Directions: Below are records to transcribe exactly, without their pictures.

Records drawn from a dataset
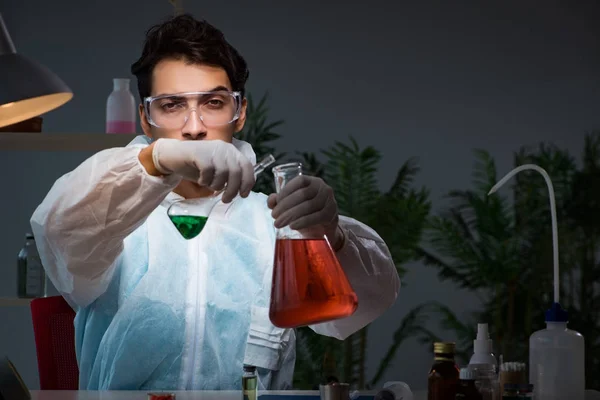 Young male lab chemist late at night in overtime time — Stock Photo, Image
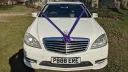 Front view of White Modern Mercedes with purple ribbons and bows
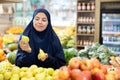 Happy girl in paranja making purchases in supermarket, choosing fresh ripe pears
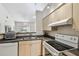 Well-lit kitchen with ample counter space, modern appliances, and an open layout, ideal for cooking and socializing at 3638 Trafalgar Way # 103, Palm Harbor, FL 34685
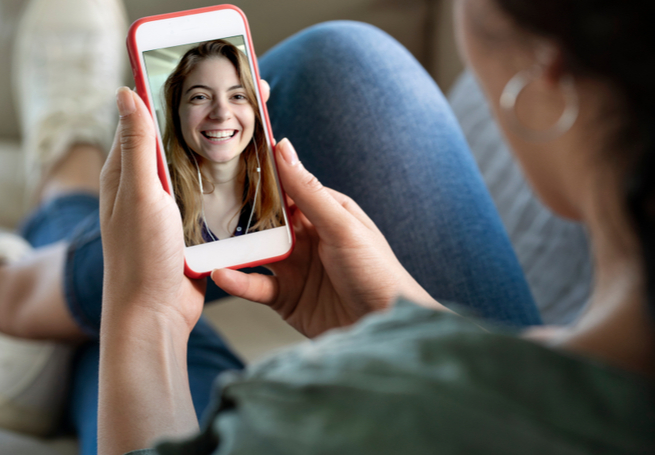 Uma menina segura o celular no qual assiste a um vídeo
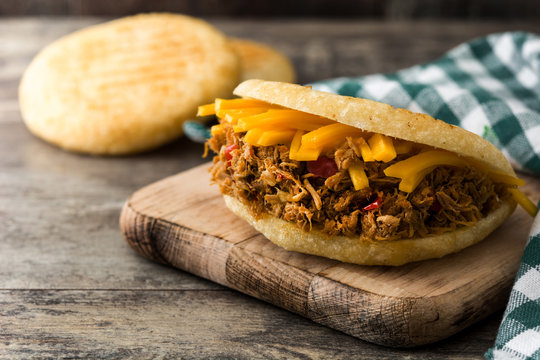 Arepa with shredded beef and cheese on wooden background. Venezuelan typical food

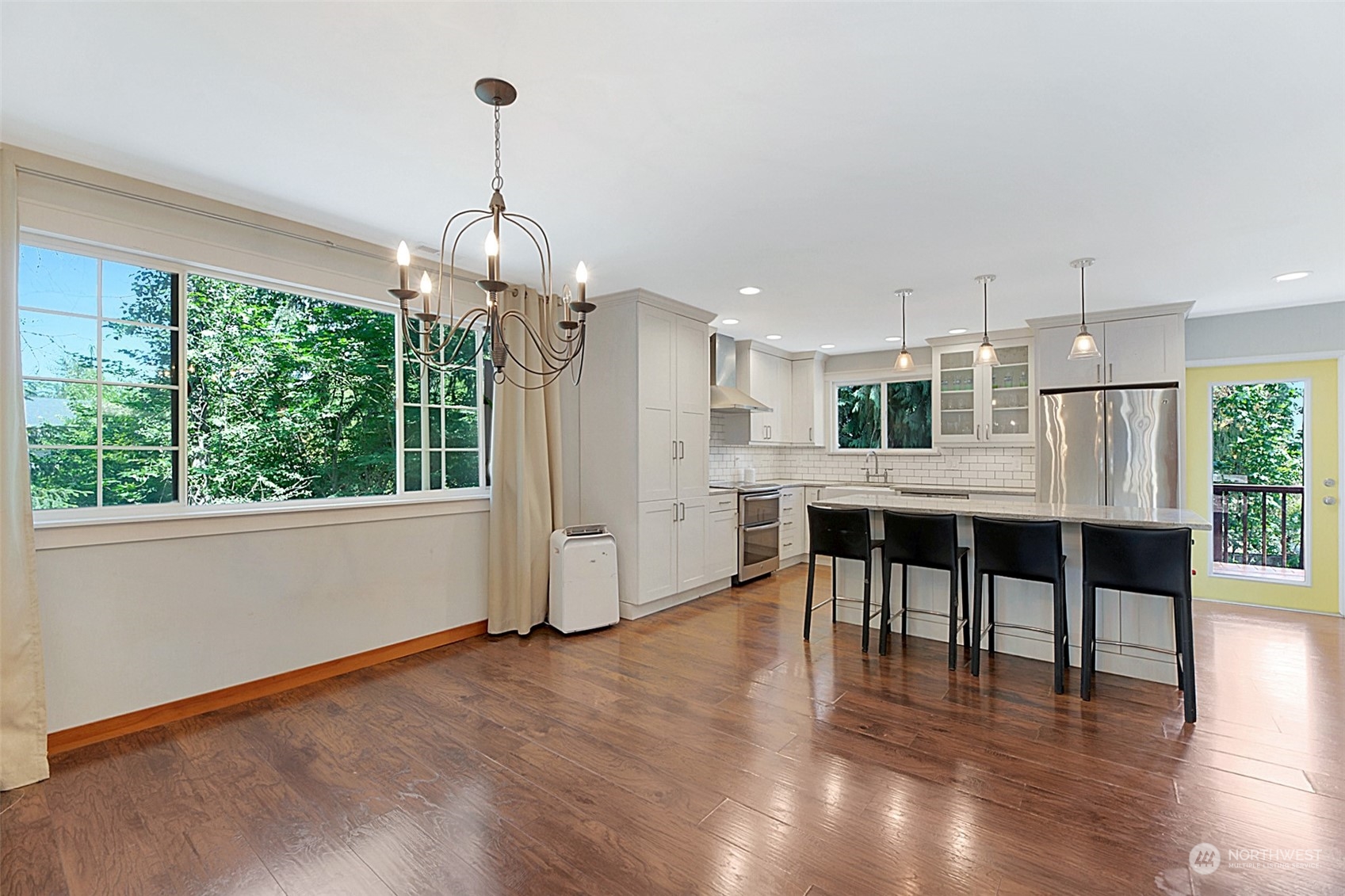907 Harvest Road Bothell, WA 98012 - Photo 8 of 28 a kitchen with stainless steel appliances kitchen island granite countertop a stove top oven a dining table and chairs with wooden floor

Exercise output:
 Young male lab chemist late at night in overtime time — Stock Photo, Image
 Front view of White Modern Mercedes with purple ribbons and bows
 Happy girl in paranja making purchases in supermarket, choosing fresh ripe pears
 Well-lit kitchen with ample counter space, modern appliances, and an open layout, ideal for cooking and socializing at 3638 Trafalgar Way # 103, Palm Harbor, FL 34685
 Uma menina segura o celular no qual assiste a um vídeo
 Arepa with shredded beef and cheese on wooden background. Venezuelan typical food

907 Harvest Road Bothell, WA 98012 - Photo 8 of 28 a kitchen with stainless steel appliances kitchen island granite countertop a stove top oven a dining table and chairs with wooden floor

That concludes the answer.